### ABOUT THIS EXERCISE
Locate the string "Among" in the listing below. Copy every line where it is found.

### EXTRACTED DATA
--- --- ---
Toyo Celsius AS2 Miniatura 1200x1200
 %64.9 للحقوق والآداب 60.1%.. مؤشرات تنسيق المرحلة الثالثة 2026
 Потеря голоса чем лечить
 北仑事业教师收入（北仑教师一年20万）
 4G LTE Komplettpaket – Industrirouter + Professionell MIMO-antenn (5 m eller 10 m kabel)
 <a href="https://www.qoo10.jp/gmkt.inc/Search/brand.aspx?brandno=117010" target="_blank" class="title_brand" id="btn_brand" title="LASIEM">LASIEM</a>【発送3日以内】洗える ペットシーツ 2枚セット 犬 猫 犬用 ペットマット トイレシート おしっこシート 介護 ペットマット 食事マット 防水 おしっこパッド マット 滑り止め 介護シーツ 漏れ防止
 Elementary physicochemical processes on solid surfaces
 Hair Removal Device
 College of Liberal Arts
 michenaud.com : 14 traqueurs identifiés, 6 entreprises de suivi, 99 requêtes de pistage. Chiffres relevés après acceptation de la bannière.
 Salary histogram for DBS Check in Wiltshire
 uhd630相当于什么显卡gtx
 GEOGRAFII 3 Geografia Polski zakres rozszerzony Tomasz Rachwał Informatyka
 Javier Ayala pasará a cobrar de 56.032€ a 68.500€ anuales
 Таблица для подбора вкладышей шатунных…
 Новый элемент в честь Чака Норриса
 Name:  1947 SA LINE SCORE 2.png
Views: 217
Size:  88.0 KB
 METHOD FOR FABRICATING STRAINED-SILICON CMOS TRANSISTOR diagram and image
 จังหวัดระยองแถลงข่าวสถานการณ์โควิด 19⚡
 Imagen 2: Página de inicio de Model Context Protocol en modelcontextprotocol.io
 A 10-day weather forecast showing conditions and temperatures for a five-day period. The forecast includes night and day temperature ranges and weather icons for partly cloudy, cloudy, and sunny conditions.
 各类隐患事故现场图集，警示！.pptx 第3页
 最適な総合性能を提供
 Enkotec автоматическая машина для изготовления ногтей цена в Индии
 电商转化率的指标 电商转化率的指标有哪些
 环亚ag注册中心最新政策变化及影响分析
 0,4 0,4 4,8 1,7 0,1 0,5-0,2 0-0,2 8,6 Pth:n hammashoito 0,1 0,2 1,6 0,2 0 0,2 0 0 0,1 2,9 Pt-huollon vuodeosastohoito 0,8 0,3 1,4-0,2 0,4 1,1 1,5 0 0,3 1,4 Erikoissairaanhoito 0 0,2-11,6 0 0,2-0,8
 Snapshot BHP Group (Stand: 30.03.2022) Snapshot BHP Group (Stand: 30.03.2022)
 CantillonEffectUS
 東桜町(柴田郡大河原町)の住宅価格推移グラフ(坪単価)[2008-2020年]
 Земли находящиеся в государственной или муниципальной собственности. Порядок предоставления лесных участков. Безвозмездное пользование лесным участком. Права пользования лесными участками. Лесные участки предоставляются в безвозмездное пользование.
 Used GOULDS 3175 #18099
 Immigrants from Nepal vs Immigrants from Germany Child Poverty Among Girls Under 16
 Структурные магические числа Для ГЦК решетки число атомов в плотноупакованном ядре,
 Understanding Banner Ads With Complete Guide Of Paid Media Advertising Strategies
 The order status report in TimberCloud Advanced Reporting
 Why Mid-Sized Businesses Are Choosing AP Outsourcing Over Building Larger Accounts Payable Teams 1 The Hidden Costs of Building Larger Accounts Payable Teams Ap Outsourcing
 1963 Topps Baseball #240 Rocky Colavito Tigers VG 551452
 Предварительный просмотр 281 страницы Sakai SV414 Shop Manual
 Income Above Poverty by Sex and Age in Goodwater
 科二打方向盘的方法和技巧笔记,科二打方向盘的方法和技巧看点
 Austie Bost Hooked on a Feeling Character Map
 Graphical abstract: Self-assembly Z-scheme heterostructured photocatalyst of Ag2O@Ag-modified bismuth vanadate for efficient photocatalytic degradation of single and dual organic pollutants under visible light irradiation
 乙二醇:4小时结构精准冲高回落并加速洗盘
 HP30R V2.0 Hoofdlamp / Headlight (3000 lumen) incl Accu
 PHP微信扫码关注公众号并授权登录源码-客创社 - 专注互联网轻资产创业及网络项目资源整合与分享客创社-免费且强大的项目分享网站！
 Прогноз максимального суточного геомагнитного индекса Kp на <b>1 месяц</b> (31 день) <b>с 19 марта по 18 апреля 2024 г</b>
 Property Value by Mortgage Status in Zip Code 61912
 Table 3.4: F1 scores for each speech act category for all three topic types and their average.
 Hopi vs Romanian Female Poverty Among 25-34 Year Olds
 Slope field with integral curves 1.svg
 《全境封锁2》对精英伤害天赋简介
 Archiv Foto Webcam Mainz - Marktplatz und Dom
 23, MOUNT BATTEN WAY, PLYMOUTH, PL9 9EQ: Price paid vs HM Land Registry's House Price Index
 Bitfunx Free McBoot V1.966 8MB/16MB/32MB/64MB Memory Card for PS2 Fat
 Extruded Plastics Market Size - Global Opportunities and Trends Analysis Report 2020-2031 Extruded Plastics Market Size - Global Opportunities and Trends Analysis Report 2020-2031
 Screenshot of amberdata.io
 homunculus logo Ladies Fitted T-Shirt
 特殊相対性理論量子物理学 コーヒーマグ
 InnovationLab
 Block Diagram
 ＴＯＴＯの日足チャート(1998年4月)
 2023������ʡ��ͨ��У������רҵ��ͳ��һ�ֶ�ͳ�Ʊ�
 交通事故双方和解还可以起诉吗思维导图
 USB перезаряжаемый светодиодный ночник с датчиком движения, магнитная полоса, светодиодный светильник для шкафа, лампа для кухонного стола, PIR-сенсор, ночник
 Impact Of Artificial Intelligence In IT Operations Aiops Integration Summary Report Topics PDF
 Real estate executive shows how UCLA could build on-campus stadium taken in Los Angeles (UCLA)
--- --- ---
### TASK RESPONSE
 Immigrants from Nepal vs Immigrants from Germany Child Poverty Among Girls Under 16
 Hopi vs Romanian Female Poverty Among 25-34 Year Olds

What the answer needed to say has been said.